Unstable is the story of an improbable love between a king and possibly one of the lowliest of his subjects. As the executive producer would later say, it is a story of love to be seen in many facets of our life as a nation and as individuals in need of varying degrees of affirmation notwithstanding our imperfections.
Three musical performances set the tone for the evening, one of them by Edaoto being the standout performance in my estimation. The play then commences with a singing group led by the narrator played by Iquo DianaAbasi Eke who delves into a poetical prolog laced with metaphors hinting the audience of what is to come.

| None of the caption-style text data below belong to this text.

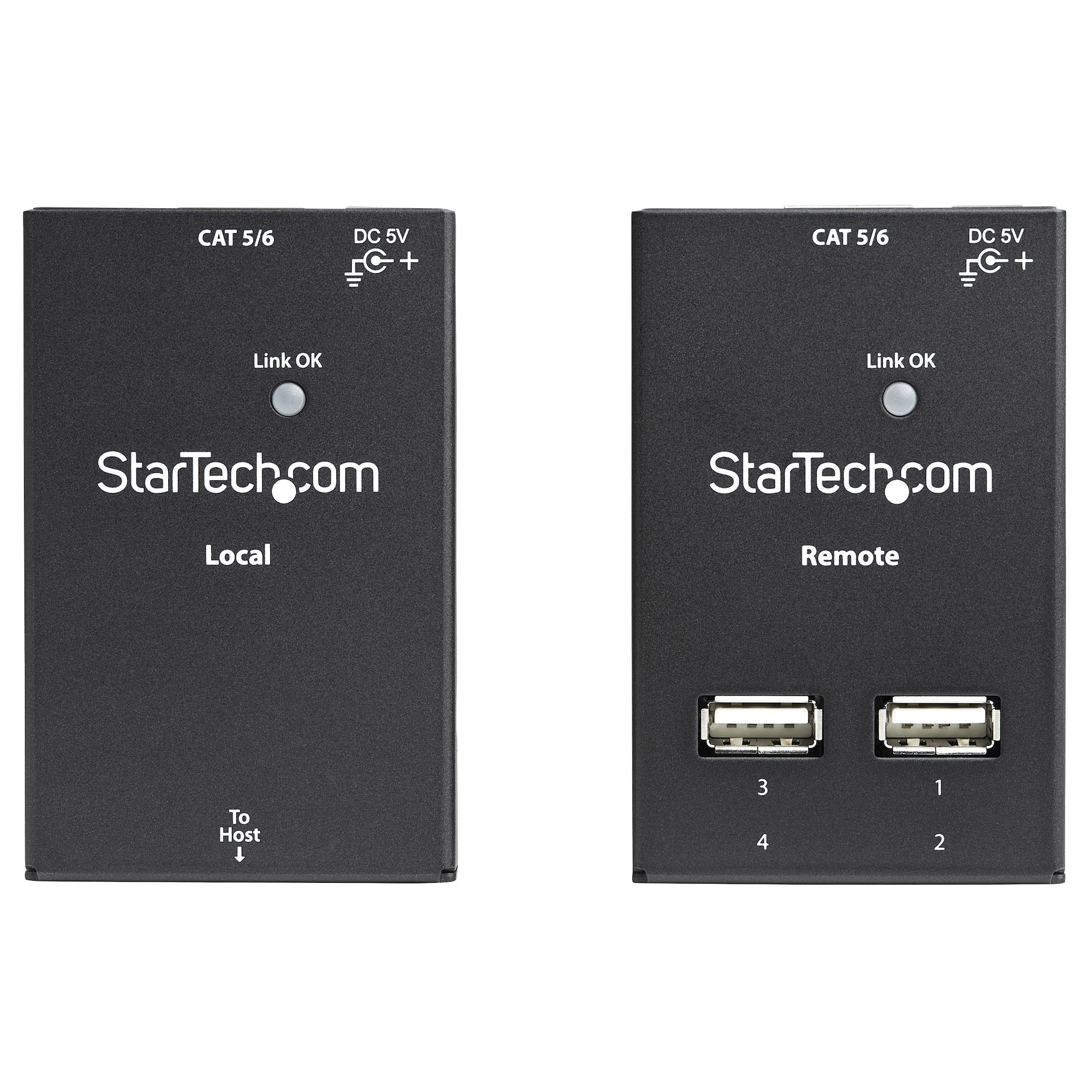 Dos extensores USB StarTech.com negros. Tienen puertos y etiquetas.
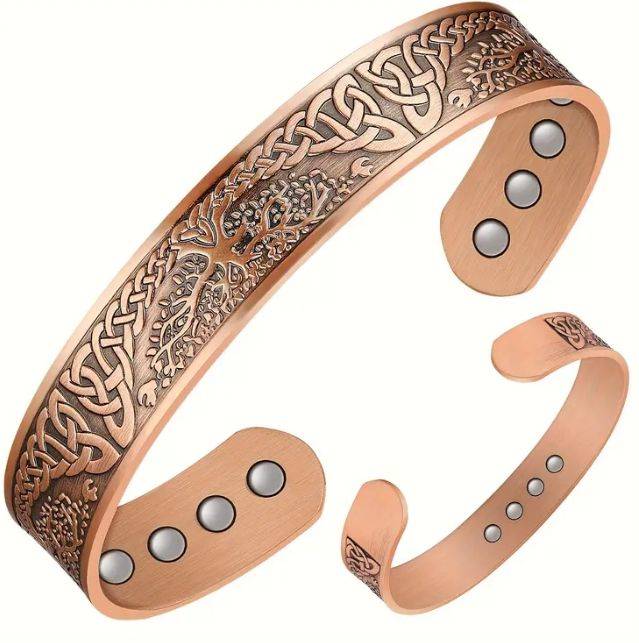 Copper Magnetic Bracelet Bangle with 12 Magnets 1pce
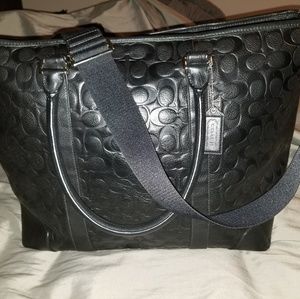 Leather Coach Signature Weekend Tote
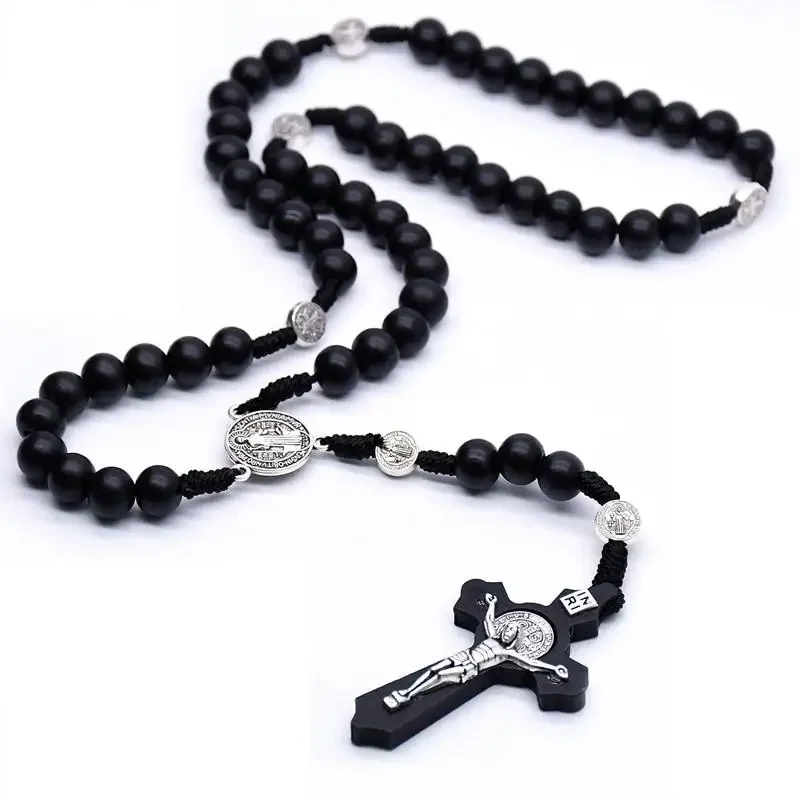 Religijny drewniany antyczny czarny krzyż różaniec wisiorek do samochodu jezus święty benedykt zroszony…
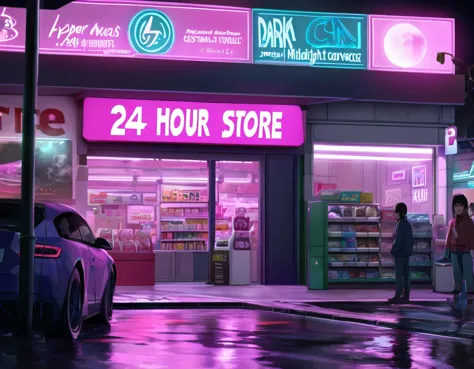 general shot, ((large midnight convenience store from another world, another planet, futuristic, with aliens buying: 1.5)), (town, street at midnight, wind: 1.3, flying papers: 1.3, puddles of water in the streets:1.3, car parking, ((sign with text, "24 ho...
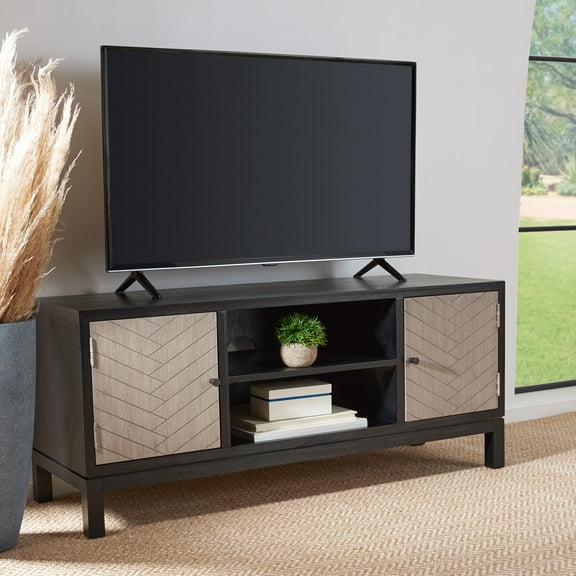SAFAVIEH Ajana 2 Door 1 Shelf Media Stand, Black /Greige Doors (47.3 in. W x 15.8 in. D x 20 in. H)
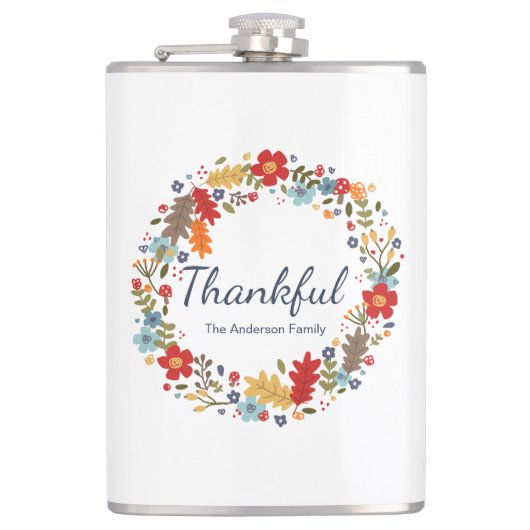 Gepersonaliseerde Thanksgiving Dankbare Herfst Heupfles (Voorkant)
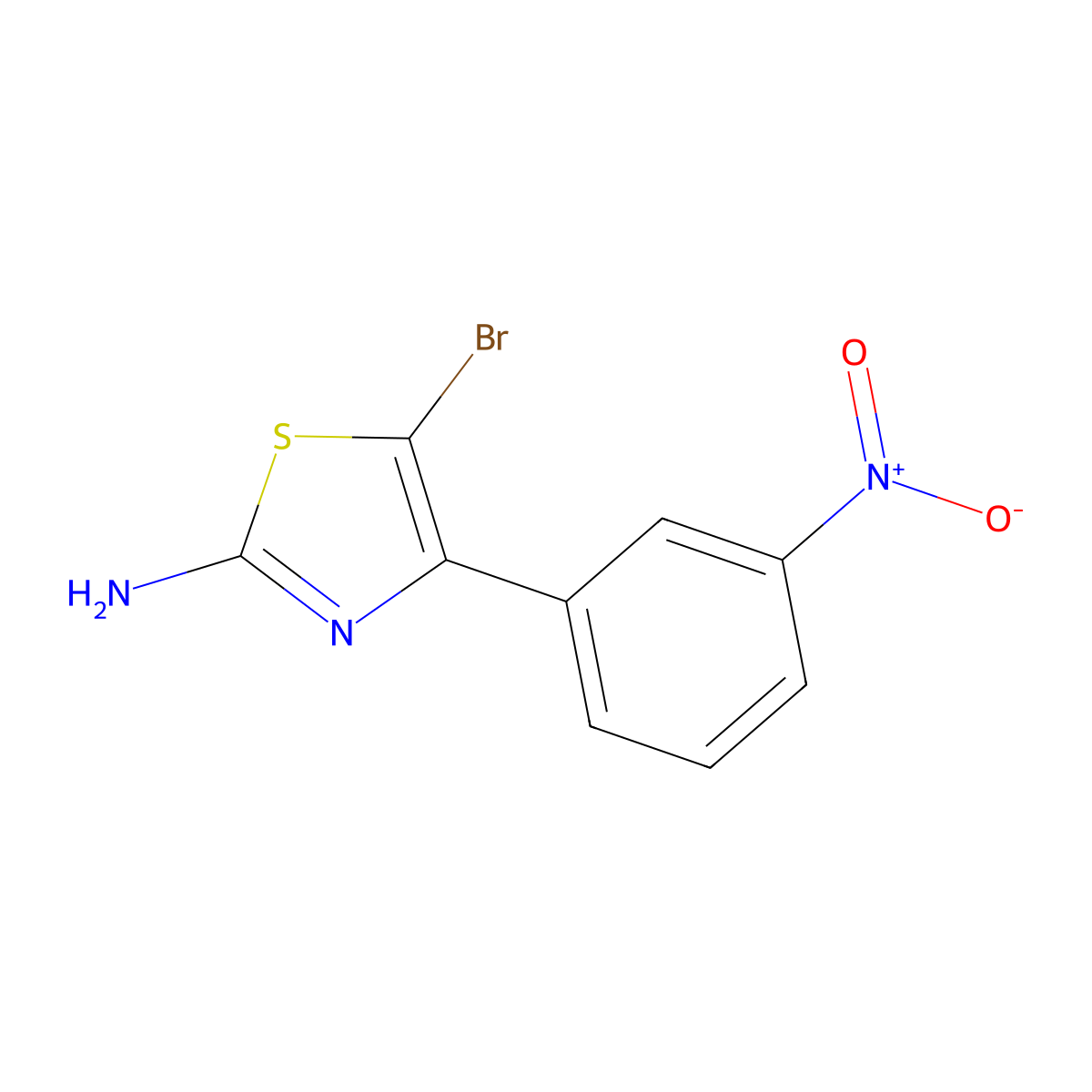 5-Bromo-4-(3-nitro-phenyl)-thiazol-2-ylamine molecular structure, CAS 343966-27-8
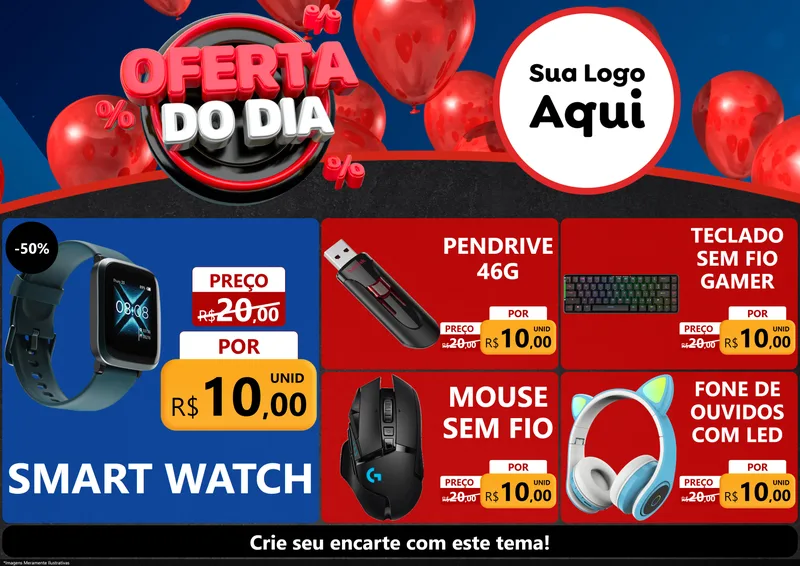 Modelo de Encarte para Encarte A4 Horizontal com o tema Oferta do Dia para Informática
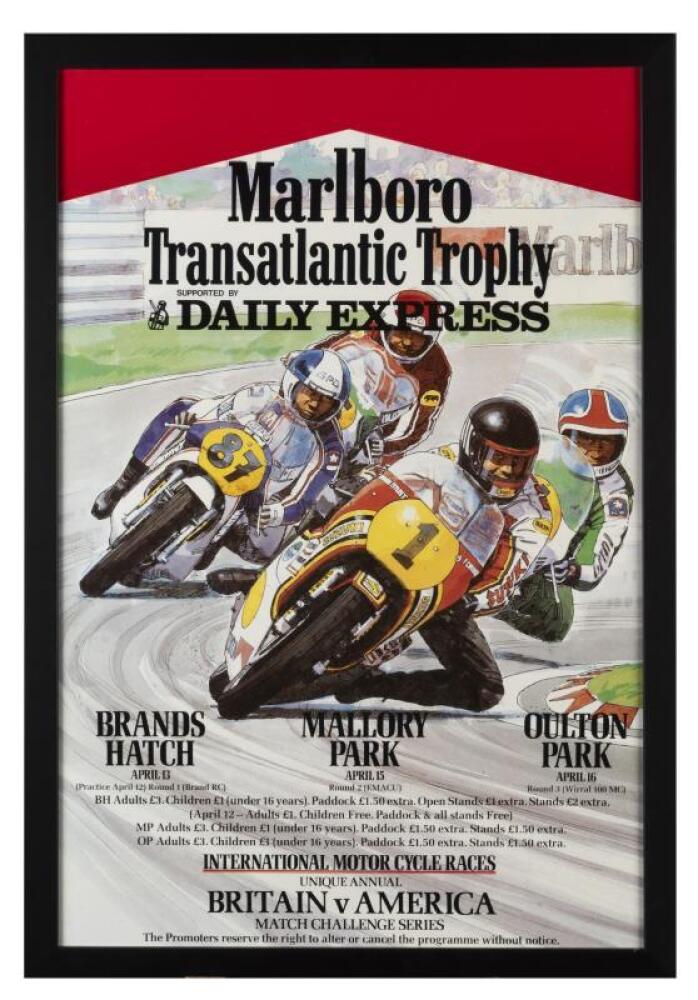 Transatlantic Motorcycle Races TRANSATLANTIC TROPHY: An original circa 1970s 'Marlboro Transatlantic ...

The widowed King Ido of the Ozolua kingdom (Played by Bassey Okon), a lonely monarch, thinks aloud about his Prince who is away on a sojourn to conquer the enemies of his father’s land. In what would then appear to be an allegory of the biblical Jesus visited in the temple by a mob of Pharisees seeking the execution of an adulterous woman, the king’s subjects drag Esewi (played by Tina Mba), a woman accused of prostitution before the monarch, urging him to banish her.
Like Christ, the King preserves her life by daring the unblemished among the woman’s accusers to cast the first stone. But while Christ commanded the adulterous woman to “go and sin no more,” King Ido orders Esewi to remain within his court thereby exposing himself to a fatal search for pleasure. The king’s heart is contrived against the virtuous maidens searched out by his chiefs even though they please his eyes. His lips would, however, find sweet words for Esewi and a marriage is soon planned despite the brief opposition of the returning Prince and the sustained revolt of the chiefs.
The beginning of an improbable union between royalty and peasant would, however, signal the gradual decline of the King’s reign highlighted by an excessive show of weakness and indecision even when the new queen is repeatedly found in “sexual situations,” an intriguing euphemism adopted by the palace guard.
I found the constancy of Esewi’s appeal to the king regardless of her indiscretions and even to other men (including those who joined the mob seeking her banishment), intriguing. In one regard, there is something to be said about the bounds of control in the face of desire and on the other hand is the hypocrisy of those who condemn that which they secretly crave but cannot have. One important lesson, however, is that regardless of the circumstance, beauty may still reside in chaos. Another would be that no human is completely bad as to be undeserving of love.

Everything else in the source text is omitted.